#### How to complete this task:
Each line in the records that mentions the word "Femme" needs to be listed.

#### Dataset content:
################

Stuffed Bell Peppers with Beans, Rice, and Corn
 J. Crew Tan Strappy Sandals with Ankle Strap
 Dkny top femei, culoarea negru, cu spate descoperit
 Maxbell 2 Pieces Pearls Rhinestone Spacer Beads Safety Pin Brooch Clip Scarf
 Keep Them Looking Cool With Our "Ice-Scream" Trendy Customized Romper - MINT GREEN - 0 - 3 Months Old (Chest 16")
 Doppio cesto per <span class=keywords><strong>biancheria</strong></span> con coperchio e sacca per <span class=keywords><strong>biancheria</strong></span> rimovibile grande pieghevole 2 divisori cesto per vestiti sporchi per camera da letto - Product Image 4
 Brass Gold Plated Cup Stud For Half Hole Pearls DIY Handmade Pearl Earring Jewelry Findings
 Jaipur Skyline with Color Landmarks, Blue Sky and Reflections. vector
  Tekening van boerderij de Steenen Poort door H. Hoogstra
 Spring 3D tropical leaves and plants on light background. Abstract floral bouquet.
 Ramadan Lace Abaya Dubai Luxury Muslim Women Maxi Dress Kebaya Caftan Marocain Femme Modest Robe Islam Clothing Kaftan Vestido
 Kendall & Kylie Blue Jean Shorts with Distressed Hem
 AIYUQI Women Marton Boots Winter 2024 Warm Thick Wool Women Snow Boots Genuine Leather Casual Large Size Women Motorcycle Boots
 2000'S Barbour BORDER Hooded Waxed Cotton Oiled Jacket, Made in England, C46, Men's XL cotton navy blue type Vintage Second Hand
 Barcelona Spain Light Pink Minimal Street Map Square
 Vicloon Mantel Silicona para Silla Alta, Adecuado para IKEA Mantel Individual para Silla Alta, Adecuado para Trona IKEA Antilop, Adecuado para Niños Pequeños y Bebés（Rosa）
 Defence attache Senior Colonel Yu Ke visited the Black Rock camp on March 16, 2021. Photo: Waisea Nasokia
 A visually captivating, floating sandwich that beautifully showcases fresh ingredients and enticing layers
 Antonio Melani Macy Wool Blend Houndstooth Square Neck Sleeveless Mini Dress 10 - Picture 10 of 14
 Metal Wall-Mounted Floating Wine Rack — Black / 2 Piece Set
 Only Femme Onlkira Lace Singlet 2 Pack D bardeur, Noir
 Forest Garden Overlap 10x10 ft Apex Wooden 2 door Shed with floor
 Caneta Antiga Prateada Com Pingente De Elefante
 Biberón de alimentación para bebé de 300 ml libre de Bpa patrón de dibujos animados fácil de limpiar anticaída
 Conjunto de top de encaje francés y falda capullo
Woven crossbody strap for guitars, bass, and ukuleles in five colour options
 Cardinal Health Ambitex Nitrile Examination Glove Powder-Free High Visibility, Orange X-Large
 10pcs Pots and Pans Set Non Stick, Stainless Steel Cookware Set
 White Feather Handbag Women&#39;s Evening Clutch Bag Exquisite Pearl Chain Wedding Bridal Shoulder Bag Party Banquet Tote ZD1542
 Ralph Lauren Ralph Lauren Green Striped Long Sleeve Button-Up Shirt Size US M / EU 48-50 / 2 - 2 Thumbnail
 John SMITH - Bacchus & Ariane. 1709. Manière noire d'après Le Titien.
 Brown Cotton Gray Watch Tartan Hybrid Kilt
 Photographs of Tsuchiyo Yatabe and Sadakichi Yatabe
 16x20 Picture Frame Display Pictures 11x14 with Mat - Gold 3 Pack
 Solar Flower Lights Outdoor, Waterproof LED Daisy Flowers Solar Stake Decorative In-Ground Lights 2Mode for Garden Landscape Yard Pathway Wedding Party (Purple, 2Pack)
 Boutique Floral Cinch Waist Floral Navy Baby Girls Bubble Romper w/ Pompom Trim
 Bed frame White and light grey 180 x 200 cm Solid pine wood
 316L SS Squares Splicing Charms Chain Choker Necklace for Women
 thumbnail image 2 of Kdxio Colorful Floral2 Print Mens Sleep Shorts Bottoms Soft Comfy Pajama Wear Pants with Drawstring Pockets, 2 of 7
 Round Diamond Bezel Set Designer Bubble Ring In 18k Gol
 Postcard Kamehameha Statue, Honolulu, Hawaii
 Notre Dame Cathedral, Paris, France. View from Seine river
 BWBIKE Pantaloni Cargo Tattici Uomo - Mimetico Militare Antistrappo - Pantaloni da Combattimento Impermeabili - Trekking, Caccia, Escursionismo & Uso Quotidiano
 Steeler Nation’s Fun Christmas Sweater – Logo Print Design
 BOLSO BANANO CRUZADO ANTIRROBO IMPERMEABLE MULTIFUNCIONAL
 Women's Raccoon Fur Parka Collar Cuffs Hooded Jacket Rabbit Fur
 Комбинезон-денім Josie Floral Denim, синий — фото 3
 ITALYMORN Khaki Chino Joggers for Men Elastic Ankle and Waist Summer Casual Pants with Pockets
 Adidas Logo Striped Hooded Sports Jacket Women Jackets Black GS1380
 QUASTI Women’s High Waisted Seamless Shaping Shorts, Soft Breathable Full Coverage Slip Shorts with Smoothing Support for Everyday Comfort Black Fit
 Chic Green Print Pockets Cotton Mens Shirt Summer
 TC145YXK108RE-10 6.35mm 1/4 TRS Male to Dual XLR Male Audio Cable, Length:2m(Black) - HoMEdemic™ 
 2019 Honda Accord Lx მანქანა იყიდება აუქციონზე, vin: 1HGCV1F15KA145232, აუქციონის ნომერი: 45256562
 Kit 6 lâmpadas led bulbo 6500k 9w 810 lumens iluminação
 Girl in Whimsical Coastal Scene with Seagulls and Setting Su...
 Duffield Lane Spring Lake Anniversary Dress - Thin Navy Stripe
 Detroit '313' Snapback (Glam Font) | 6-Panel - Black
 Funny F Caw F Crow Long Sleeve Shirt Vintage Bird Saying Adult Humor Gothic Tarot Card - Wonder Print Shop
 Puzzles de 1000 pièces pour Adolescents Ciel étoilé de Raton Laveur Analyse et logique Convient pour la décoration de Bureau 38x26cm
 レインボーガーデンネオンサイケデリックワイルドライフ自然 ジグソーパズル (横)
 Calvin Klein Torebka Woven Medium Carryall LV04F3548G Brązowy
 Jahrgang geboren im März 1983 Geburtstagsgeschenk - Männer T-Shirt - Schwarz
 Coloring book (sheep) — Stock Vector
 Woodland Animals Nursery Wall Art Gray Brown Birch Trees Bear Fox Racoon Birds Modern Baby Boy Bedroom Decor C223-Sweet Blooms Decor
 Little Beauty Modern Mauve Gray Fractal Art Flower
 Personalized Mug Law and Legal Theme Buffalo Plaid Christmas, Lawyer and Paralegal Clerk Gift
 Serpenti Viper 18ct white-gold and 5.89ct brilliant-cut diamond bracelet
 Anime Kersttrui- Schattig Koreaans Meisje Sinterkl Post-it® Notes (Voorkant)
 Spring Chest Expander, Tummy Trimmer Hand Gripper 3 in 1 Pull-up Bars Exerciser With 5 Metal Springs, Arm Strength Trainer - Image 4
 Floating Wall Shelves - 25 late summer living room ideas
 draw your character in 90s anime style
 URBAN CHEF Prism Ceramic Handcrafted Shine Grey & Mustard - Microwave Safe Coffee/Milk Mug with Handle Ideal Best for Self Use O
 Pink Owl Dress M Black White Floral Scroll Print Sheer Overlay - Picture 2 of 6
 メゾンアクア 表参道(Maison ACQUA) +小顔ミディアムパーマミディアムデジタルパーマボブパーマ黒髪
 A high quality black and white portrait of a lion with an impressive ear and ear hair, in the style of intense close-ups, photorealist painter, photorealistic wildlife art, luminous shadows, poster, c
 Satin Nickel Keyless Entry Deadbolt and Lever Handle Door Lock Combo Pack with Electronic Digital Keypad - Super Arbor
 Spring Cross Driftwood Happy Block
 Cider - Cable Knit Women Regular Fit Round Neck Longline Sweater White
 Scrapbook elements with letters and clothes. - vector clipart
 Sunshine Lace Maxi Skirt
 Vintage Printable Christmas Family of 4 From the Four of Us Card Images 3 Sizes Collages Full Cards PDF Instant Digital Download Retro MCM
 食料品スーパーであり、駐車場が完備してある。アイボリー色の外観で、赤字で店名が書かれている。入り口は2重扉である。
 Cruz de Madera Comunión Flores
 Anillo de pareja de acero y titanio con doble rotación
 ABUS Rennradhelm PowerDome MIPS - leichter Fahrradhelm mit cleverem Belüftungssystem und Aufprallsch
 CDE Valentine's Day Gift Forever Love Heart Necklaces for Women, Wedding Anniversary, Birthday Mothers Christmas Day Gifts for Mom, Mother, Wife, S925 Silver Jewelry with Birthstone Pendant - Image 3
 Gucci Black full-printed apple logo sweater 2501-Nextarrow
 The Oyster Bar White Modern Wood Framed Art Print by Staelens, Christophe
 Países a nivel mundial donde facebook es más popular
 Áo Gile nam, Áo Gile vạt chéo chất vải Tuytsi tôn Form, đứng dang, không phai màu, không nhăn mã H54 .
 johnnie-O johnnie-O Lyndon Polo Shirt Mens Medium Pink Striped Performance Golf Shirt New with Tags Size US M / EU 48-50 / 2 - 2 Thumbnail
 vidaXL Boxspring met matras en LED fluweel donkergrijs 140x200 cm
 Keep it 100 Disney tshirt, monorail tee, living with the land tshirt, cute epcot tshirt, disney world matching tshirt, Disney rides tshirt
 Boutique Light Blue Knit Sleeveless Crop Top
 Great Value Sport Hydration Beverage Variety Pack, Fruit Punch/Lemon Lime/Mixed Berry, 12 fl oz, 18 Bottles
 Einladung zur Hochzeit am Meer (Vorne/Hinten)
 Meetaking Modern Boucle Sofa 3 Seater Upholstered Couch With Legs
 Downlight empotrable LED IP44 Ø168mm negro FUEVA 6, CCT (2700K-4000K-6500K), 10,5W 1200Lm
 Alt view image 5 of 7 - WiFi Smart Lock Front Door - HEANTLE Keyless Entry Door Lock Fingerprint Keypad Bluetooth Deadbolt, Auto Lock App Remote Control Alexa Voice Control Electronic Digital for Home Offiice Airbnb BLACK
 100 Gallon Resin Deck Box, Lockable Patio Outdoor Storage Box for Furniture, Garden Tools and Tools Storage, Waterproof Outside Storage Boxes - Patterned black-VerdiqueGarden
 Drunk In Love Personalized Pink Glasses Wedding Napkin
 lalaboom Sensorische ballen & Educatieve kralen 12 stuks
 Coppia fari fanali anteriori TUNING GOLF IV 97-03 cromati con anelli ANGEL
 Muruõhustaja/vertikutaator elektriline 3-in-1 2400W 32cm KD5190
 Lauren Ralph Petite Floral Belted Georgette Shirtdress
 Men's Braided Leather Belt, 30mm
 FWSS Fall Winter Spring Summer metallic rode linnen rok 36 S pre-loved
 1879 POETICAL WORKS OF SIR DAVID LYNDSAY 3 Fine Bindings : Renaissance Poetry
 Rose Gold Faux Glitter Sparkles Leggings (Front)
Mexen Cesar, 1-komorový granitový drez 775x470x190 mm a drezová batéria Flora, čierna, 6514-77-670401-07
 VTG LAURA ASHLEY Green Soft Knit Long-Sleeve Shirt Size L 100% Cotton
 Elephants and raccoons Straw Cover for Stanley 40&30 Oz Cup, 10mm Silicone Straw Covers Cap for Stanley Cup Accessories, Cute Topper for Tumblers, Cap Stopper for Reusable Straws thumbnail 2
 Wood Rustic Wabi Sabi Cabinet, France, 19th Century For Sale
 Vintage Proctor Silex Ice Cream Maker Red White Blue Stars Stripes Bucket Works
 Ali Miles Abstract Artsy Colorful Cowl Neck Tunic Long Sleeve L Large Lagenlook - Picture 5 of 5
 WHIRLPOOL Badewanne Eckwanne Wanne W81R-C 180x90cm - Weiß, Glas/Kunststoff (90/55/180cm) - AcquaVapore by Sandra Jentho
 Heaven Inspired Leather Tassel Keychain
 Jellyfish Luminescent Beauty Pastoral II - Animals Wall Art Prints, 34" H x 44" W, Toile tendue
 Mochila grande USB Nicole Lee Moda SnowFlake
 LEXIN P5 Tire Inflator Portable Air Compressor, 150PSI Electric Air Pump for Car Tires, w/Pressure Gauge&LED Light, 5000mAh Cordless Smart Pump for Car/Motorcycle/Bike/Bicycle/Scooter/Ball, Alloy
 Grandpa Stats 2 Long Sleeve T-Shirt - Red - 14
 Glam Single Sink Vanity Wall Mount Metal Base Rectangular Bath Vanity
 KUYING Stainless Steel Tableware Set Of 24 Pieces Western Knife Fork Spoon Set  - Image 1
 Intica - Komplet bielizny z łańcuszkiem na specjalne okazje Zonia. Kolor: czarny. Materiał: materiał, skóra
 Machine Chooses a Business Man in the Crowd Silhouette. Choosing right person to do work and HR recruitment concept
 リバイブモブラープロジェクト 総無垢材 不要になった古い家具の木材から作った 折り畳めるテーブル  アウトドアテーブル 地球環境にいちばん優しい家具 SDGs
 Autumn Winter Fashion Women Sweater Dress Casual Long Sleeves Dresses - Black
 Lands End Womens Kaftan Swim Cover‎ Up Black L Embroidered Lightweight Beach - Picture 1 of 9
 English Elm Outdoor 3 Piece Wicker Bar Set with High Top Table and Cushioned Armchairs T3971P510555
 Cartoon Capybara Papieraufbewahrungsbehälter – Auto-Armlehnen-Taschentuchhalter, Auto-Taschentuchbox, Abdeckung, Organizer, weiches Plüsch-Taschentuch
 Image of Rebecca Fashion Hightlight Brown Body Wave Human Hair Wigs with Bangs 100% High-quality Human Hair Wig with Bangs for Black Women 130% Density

################

#### Exercise result:
 Ramadan Lace Abaya Dubai Luxury Muslim Women Maxi Dress Kebaya Caftan Marocain Femme Modest Robe Islam Clothing Kaftan Vestido
 Only Femme Onlkira Lace Singlet 2 Pack D bardeur, Noir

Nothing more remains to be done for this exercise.